- [WORK REQUIRED]: Copy the opening lines of the listing exactly, through and including the line with "Organic Peplum Long"; do not copy any pictures.

- [INFORMATION SHOWN]:

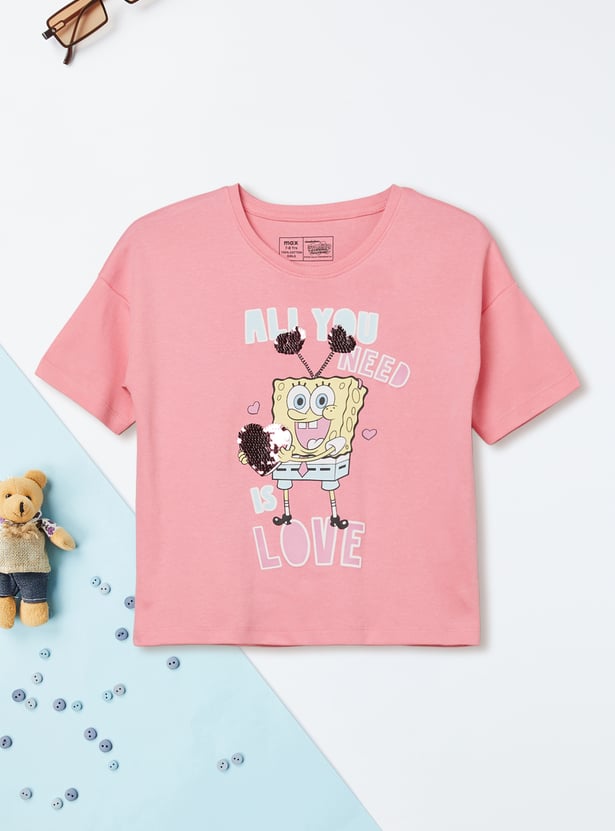 Girls Character Print T-shirts - Pack of 2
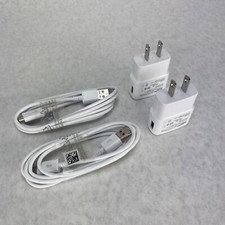 Lot of 2 OEM Samsung ETAOU61JWE 2.0 Amp Wall Charger and 5ft ECB-DU4EWE Cable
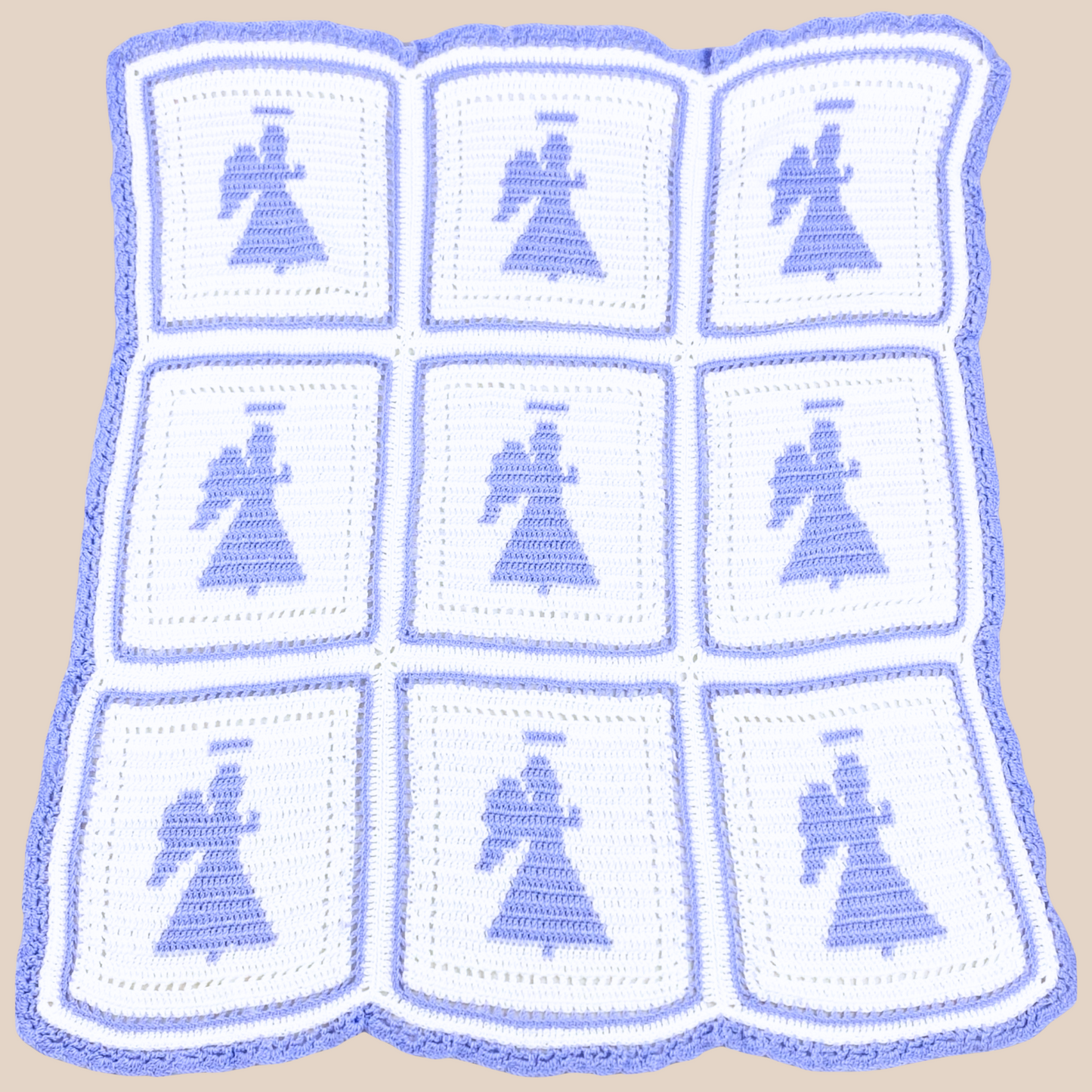 full view of 48inches*42inches handmade crochet blanket .white color with light blue 6 angle motifs 
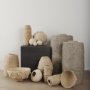 70211 - Rundal Large Beige Paper Mache Vase
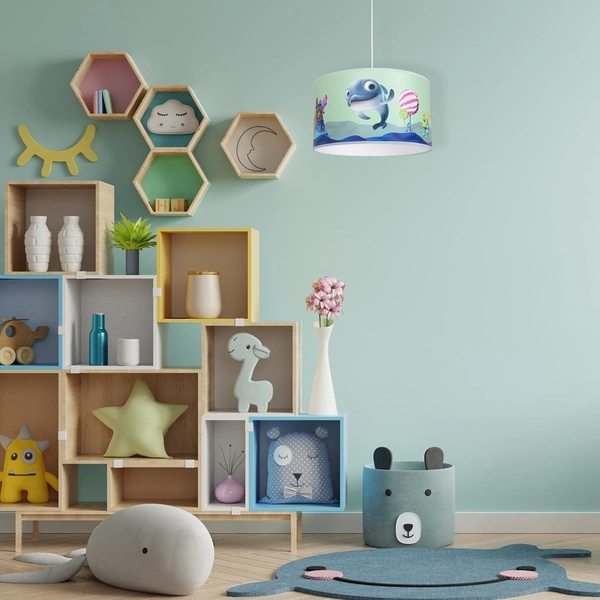 Dziecięca LAMPA wisząca MINIMINI MLP6802 Milagro okrągła OPRAWA delfinek ZWIS abażurowy multikolor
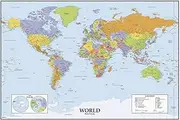 RoomMates Dry Erase World Map Giant Wall Decal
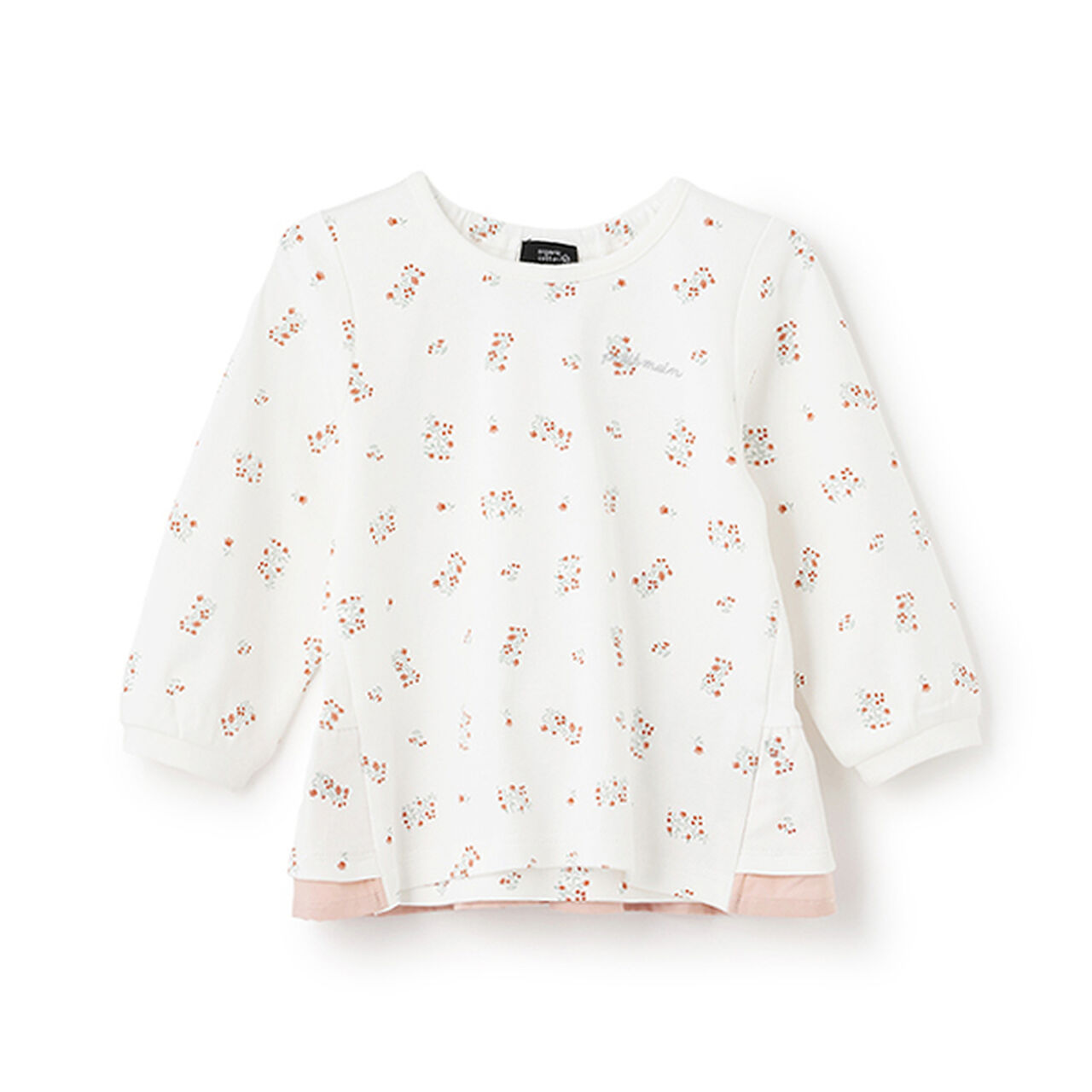 Organic Peplum Long Sleeve T-Shirt,Off white, large image number 0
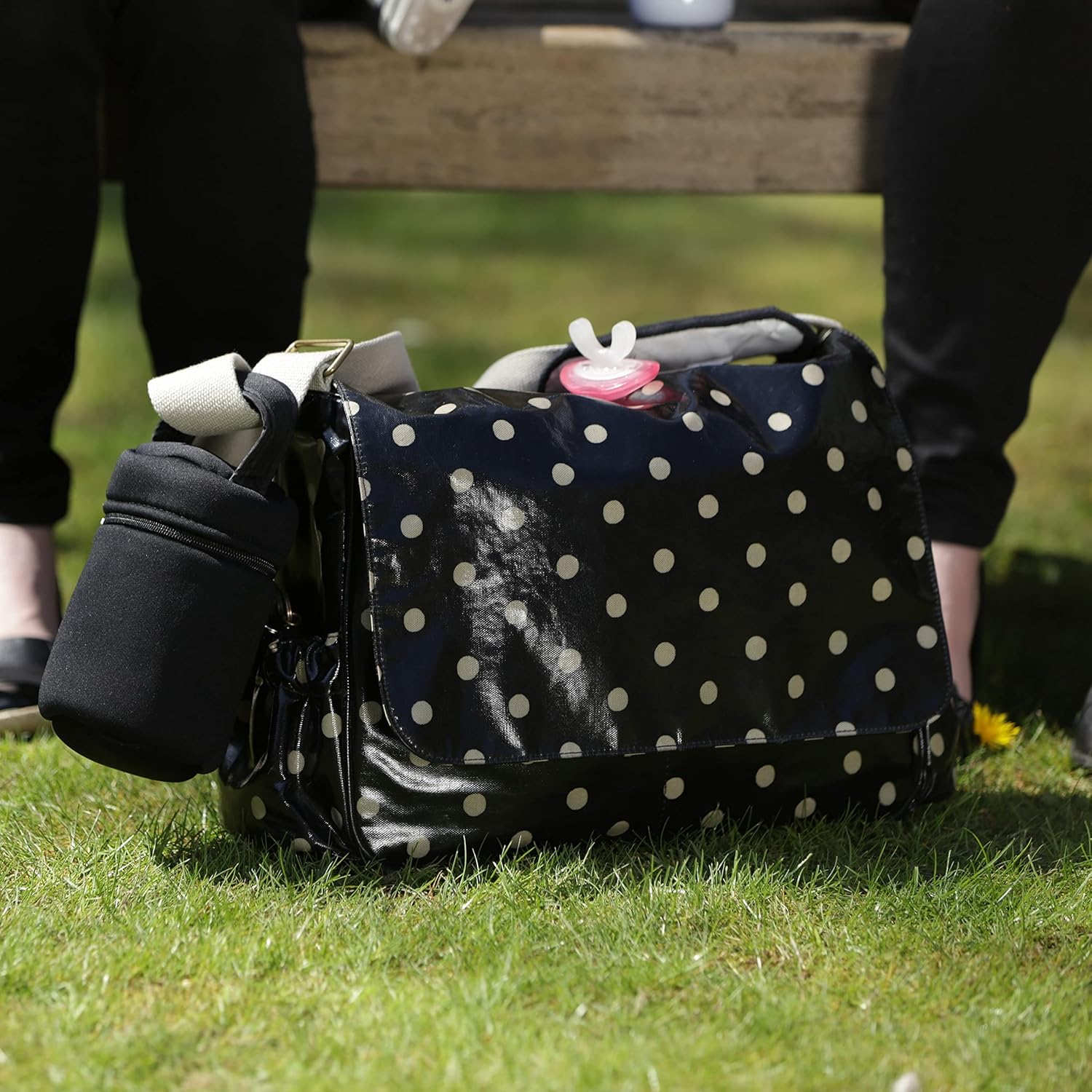 Tommee Tippee Closer to Nature insulated bottle bags, navy polka dot, pack of two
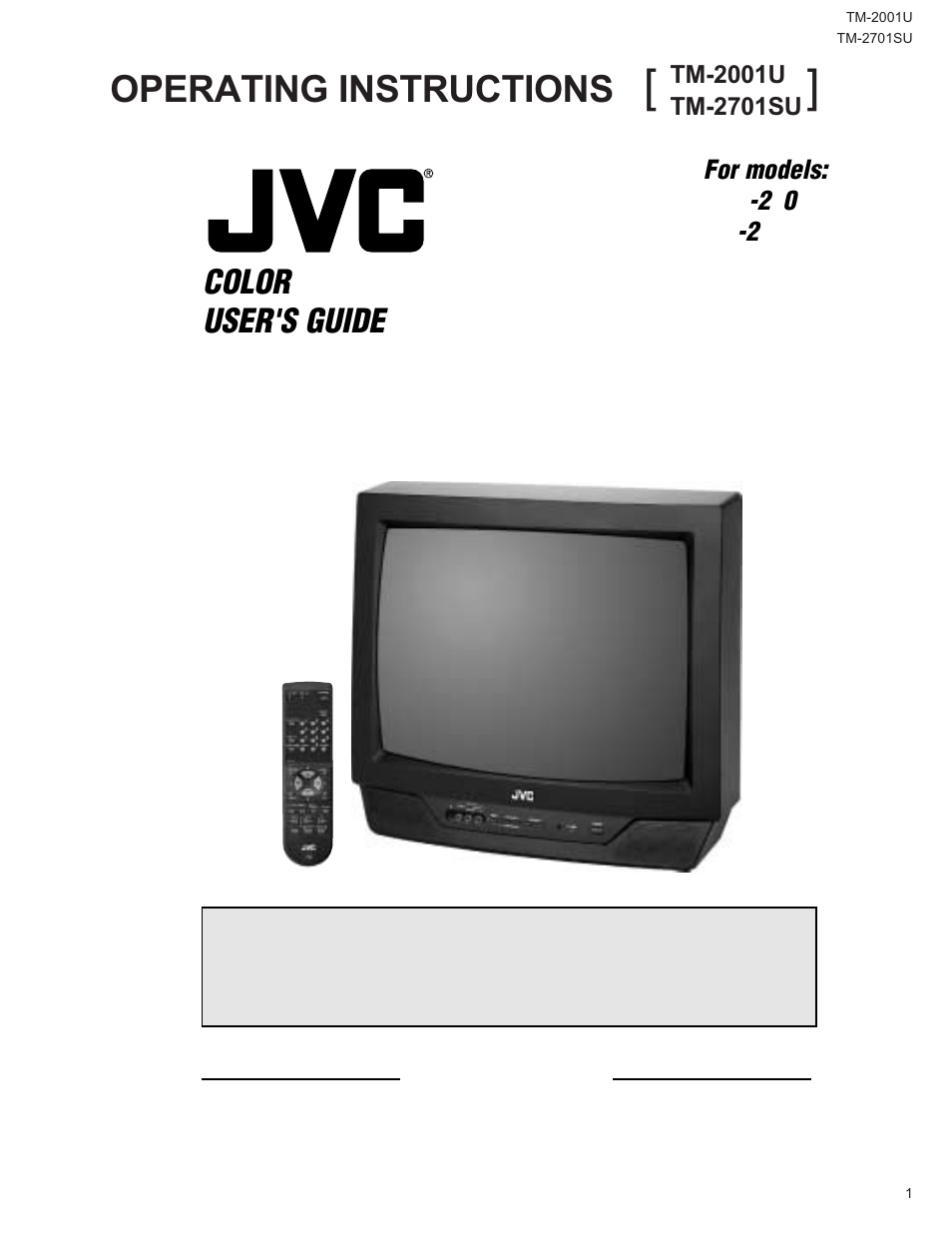 JVC TM-2001U User Manual | 24 pages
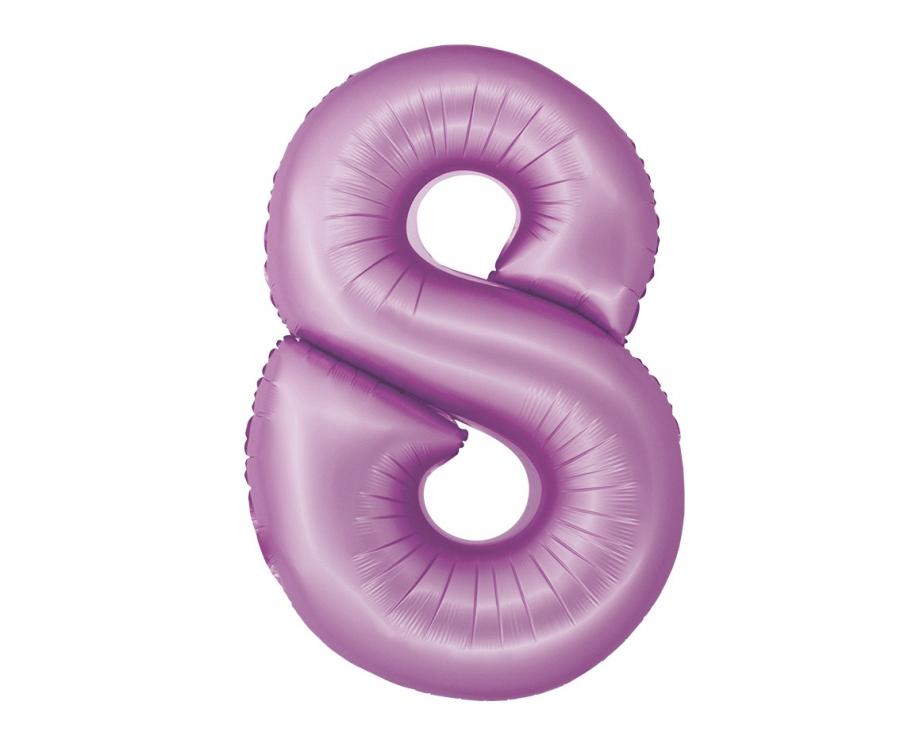 Balon folijski smart, broj 8, lavanda mat, 76 cm kk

- [EXERCISE SOLUTION]:
 Girls Character Print T-shirts - Pack of 2
 Lot of 2 OEM Samsung ETAOU61JWE 2.0 Amp Wall Charger and 5ft ECB-DU4EWE Cable
 full view of 48inches*42inches handmade crochet blanket .white color with light blue 6 angle motifs 
 70211 - Rundal Large Beige Paper Mache Vase
 Dziecięca LAMPA wisząca MINIMINI MLP6802 Milagro okrągła OPRAWA delfinek ZWIS abażurowy multikolor
 RoomMates Dry Erase World Map Giant Wall Decal
 Organic Peplum Long Sleeve T-Shirt,Off white, large image number 0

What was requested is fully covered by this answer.